#### Extracted data entries
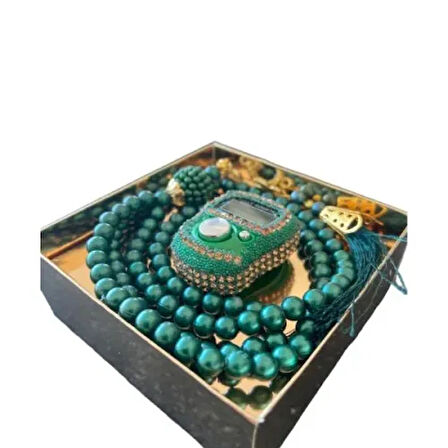 Dodes Taşlı Zikirmatik Tesbih Seti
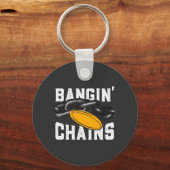 Schijf Golf Sleutelhanger (Voorkant)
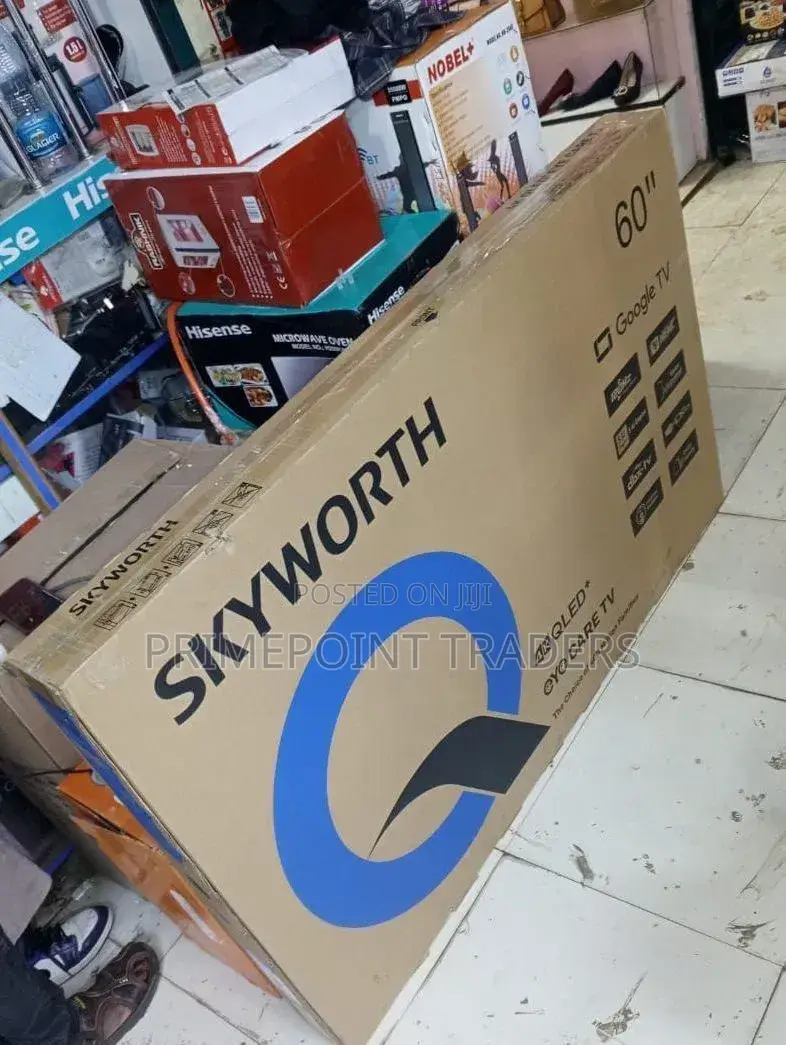 Skyworth 60 Inch Google Qled Google Tv for Endless Entertainment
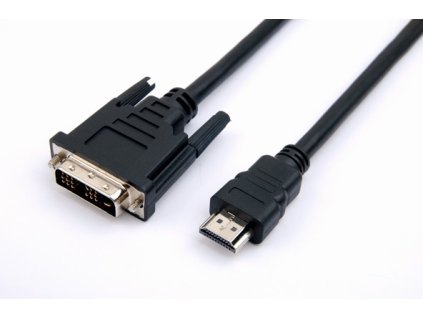 TB Touch HDMI A Male to DVI (24+1) Male 1.8m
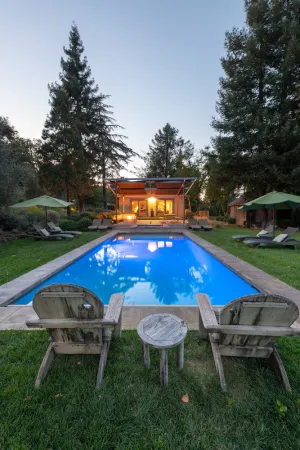 Image of TandaTula, Wine Country Sanctuary with Pool, Hot Tub, Bocce, Fire Pits and More!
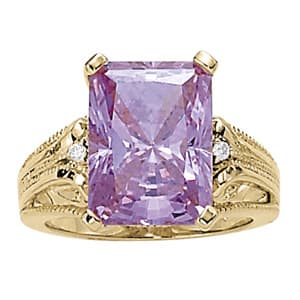 Color Rings Emerald (0.02 ct. tw.) — View 1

#### THE TASK
Your copy should match the data above exactly, apart from the pictures.

#### RESPONSE BELOW
 Dodes Taşlı Zikirmatik Tesbih Seti
 Schijf Golf Sleutelhanger (Voorkant)
 Skyworth 60 Inch Google Qled Google Tv for Endless Entertainment
 TB Touch HDMI A Male to DVI (24+1) Male 1.8m
 Image of TandaTula, Wine Country Sanctuary with Pool, Hot Tub, Bocce, Fire Pits and More!
 Color Rings Emerald (0.02 ct. tw.) — View 1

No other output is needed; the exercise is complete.